How do you fit different accumulators — remainder mod K, a bitmask of used digits, the last digit — into the same recursion without rewriting it?
Why, precisely, must the tight state stay out of the cache, and what is the cost of getting that wrong?
When is Digit DP the right tool versus a closed-form combinatorial formula or a plain loop?

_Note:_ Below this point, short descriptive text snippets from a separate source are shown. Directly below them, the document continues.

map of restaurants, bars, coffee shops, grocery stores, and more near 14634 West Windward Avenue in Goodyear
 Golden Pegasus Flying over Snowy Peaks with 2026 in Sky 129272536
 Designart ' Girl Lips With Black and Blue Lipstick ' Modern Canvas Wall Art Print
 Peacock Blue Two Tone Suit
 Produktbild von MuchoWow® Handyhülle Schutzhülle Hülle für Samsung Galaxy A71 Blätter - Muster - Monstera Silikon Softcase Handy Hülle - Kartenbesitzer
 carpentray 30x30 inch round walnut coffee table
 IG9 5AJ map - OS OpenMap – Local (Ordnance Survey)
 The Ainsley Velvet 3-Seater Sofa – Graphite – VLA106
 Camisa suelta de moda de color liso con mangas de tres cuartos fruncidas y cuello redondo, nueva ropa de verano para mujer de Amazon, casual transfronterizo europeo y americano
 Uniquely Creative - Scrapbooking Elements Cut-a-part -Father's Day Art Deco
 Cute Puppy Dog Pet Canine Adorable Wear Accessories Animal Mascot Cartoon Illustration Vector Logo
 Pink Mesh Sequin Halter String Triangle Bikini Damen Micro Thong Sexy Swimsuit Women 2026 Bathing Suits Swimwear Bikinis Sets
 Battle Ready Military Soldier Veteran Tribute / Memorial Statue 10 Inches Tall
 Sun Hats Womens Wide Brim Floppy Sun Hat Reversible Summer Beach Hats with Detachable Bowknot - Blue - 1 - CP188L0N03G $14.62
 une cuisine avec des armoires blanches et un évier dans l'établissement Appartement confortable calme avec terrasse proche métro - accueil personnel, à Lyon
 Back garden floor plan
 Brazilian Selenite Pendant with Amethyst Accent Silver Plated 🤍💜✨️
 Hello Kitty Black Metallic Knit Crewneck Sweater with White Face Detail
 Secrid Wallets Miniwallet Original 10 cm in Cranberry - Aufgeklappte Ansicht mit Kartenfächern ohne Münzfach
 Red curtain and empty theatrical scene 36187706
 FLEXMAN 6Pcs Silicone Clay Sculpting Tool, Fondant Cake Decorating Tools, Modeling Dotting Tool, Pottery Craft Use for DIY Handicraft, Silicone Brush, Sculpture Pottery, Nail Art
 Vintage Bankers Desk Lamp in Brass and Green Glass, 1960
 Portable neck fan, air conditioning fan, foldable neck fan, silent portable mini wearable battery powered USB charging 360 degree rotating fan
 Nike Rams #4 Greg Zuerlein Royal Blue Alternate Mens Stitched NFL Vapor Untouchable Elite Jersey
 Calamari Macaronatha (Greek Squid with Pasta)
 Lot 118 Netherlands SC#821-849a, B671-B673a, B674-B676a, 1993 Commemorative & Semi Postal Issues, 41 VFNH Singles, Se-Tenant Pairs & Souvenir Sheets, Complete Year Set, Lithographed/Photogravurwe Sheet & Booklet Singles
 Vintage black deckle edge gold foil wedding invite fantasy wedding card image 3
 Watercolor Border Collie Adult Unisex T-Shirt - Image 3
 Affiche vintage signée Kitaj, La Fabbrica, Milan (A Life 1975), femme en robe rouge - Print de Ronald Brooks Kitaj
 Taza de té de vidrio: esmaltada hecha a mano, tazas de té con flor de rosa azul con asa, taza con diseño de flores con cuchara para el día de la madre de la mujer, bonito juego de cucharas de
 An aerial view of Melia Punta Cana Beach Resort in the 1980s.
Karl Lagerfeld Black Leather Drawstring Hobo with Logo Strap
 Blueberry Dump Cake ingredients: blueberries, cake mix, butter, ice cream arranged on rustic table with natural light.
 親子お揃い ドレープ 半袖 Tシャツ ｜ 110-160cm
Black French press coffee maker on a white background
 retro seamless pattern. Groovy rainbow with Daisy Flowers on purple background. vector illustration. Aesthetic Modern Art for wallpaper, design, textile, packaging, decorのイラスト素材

These questions separate "I copied a digit-sum template" from "I can model any digit-constraint counting problem and trust the edges."

Deeper Concepts¶

Restating the recurrence with all four state fields¶

Let solve(pos, tight, started, acc) return the number of valid completions of the number from position pos onward, given:

pos — the next digit index (0 = most significant).
tight — whether the prefix so far equals N's prefix (so this digit is capped at N[pos]).
started — whether a non-zero digit has been placed yet (whether the "real" number has begun).
acc — the problem-specific accumulator.

solve(pos, tight, started, acc):
    if pos == D:
        return isValid(acc, started)              # 1 or 0
    limit = tight ? N[pos] : base-1
    total = 0
    for dig in 0..limit:
        nstarted = started || (dig != 0)
        ntight   = tight && (dig == limit)
        nacc     = update(acc, dig, started)       # update depends on started for some problems
        total   += solve(pos+1, ntight, nstarted, nacc)
    if not tight: memo[pos][started][acc] = total  # FREE states only
    return total

The accumulator update sometimes depends on started (e.g., for "non-decreasing digits" you ignore leading zeros when deciding the last digit). That coupling is exactly why started is part of the state, not a side variable.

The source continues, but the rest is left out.